* _Your objective_: Without changing a word, copy every line of the listing below and leave out the images.
+-------+
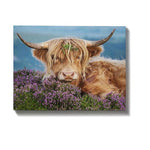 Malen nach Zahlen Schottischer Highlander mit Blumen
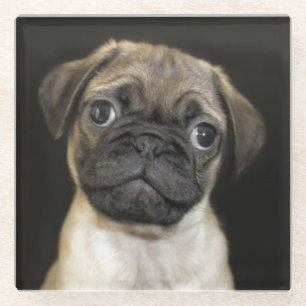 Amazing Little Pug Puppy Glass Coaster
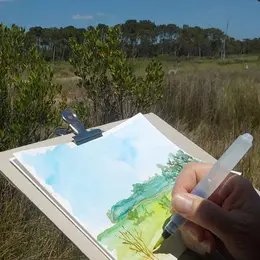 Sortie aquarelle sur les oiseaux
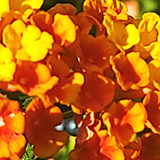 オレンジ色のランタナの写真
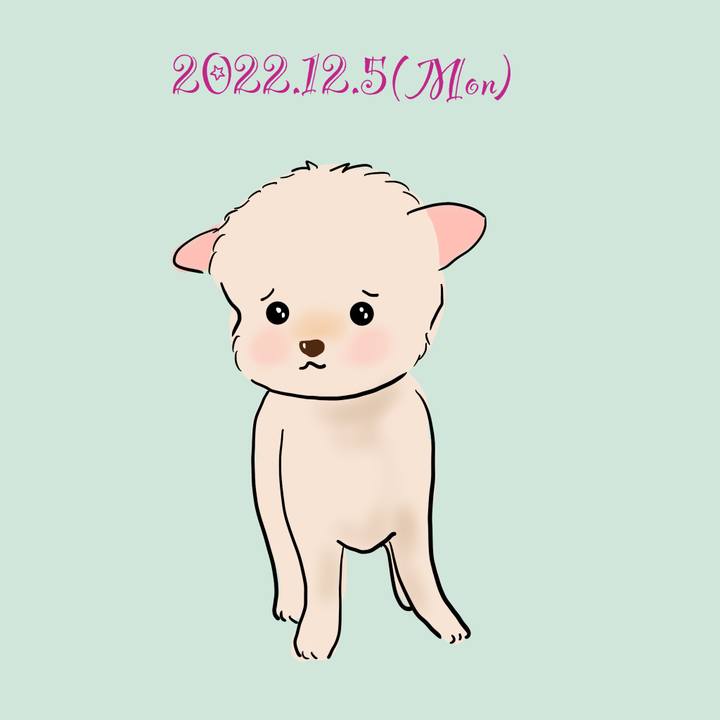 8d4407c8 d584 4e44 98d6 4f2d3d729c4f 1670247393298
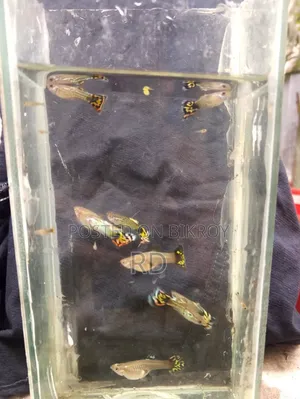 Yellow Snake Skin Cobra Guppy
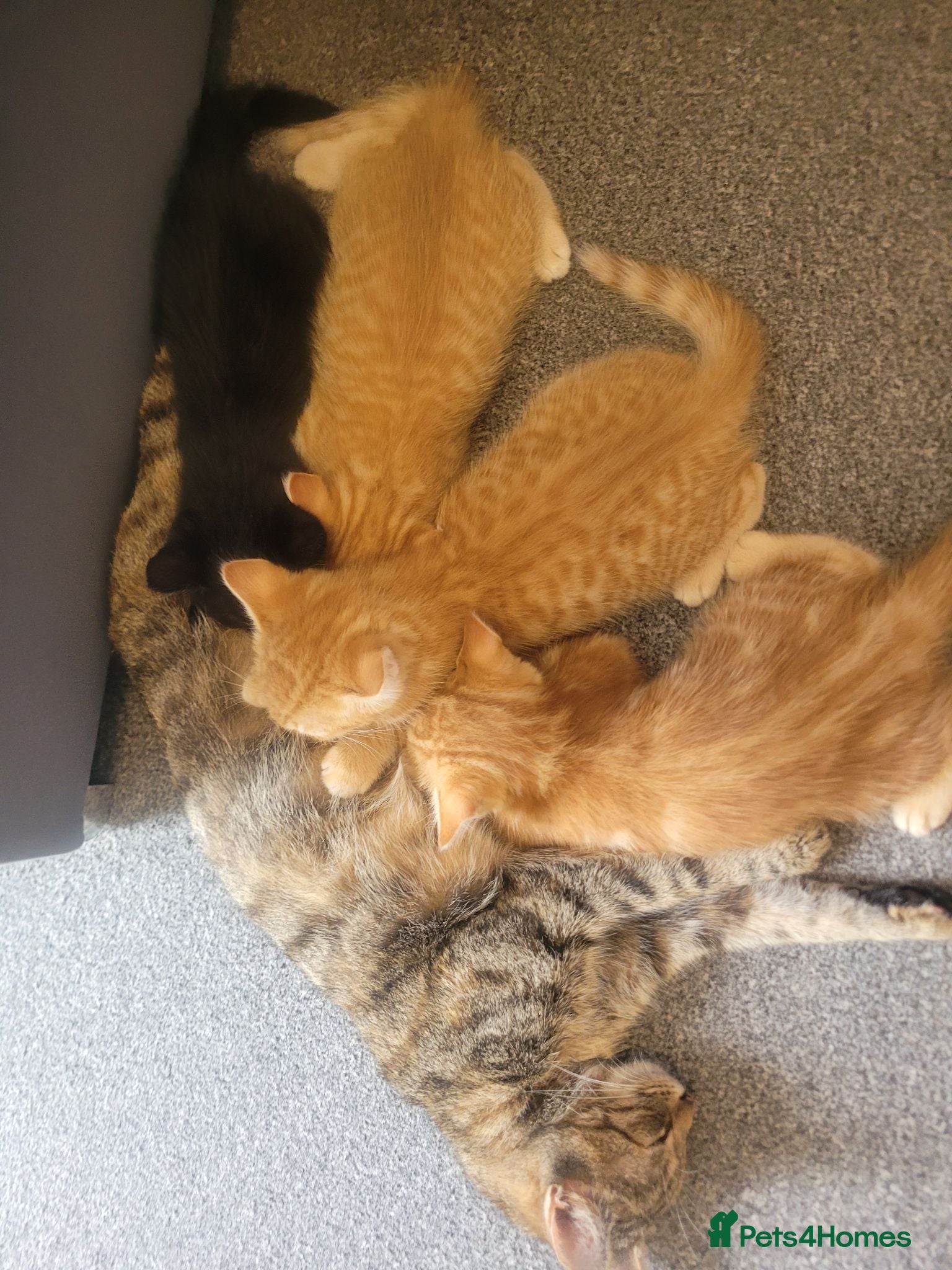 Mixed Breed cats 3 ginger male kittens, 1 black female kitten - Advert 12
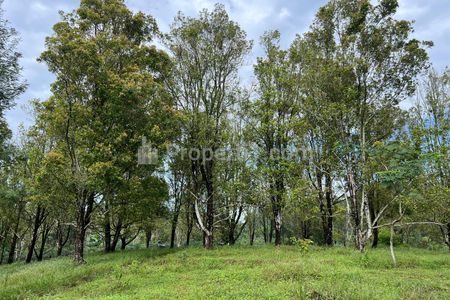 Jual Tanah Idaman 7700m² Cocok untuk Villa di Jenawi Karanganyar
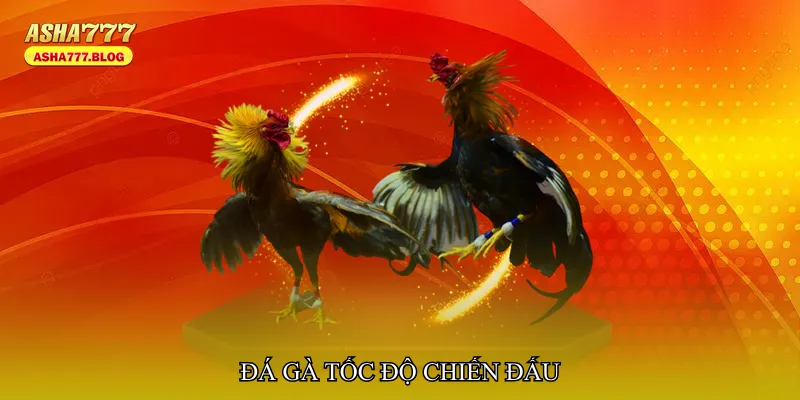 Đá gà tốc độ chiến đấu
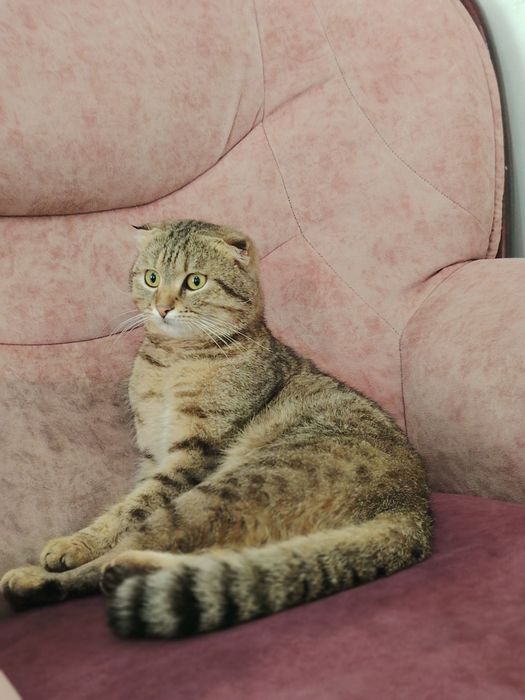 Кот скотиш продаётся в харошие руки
+-------+
* _Expected answer_:
 Malen nach Zahlen Schottischer Highlander mit Blumen
 Amazing Little Pug Puppy Glass Coaster
 Sortie aquarelle sur les oiseaux
 オレンジ色のランタナの写真
 8d4407c8 d584 4e44 98d6 4f2d3d729c4f 1670247393298
 Yellow Snake Skin Cobra Guppy
 Mixed Breed cats 3 ginger male kittens, 1 black female kitten - Advert 12
 Jual Tanah Idaman 7700m² Cocok untuk Villa di Jenawi Karanganyar
 Đá gà tốc độ chiến đấu
 Кот скотиш продаётся в харошие руки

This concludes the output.